*** Opening of INFORMATION PROVIDED ***
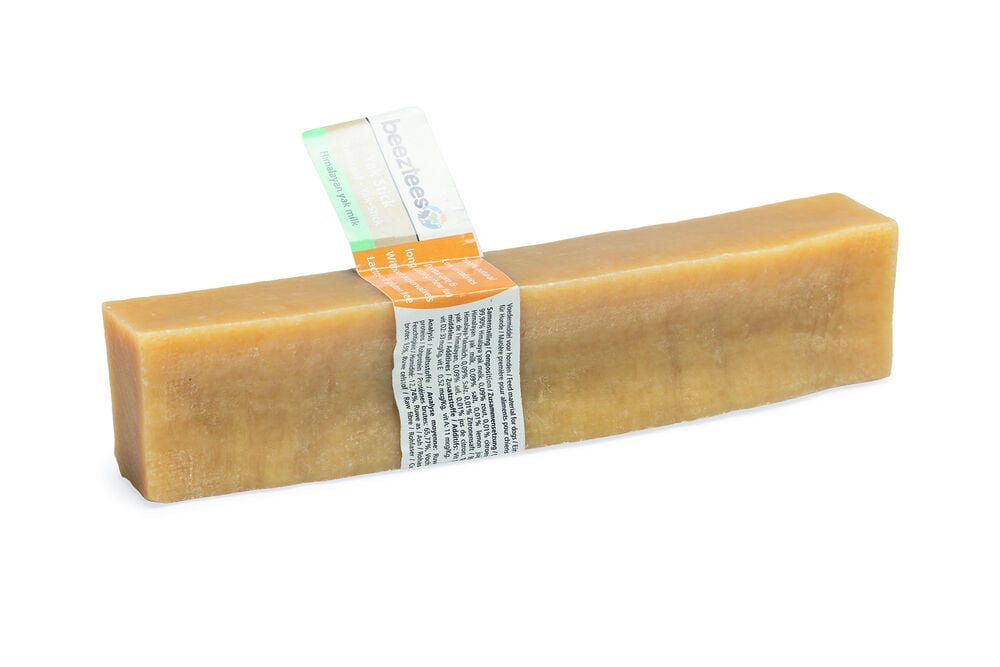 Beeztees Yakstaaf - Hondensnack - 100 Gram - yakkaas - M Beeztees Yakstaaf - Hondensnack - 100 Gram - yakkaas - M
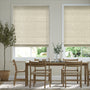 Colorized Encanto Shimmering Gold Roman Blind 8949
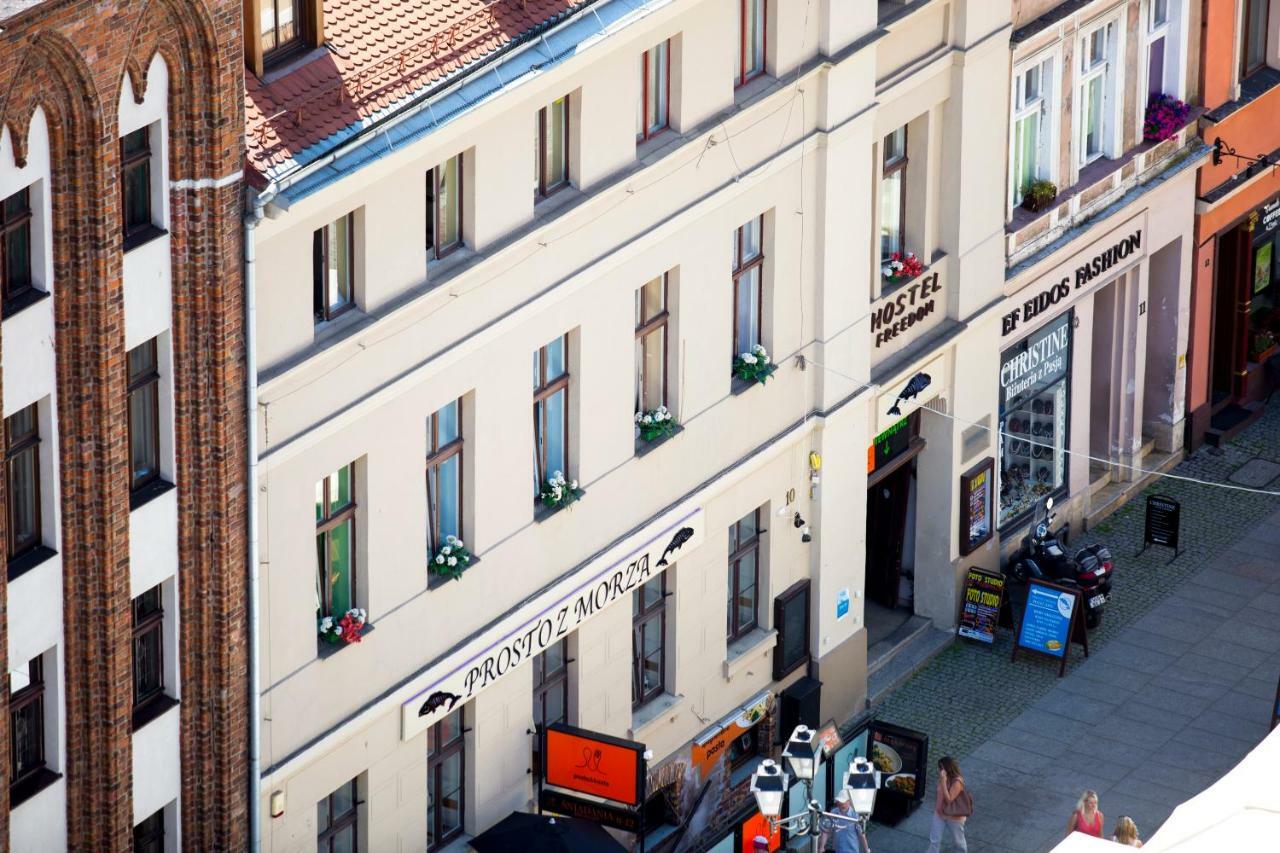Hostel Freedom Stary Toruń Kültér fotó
*** Close of INFORMATION PROVIDED ***
▶ _WHAT TO DO_: Exactly as written, return each line above and leave the pictures behind.

▶ _SOLUTION FOR THIS TASK_:
 Beeztees Yakstaaf - Hondensnack - 100 Gram - yakkaas - M Beeztees Yakstaaf - Hondensnack - 100 Gram - yakkaas - M
 Colorized Encanto Shimmering Gold Roman Blind 8949
Hostel Freedom Stary Toruń Kültér fotó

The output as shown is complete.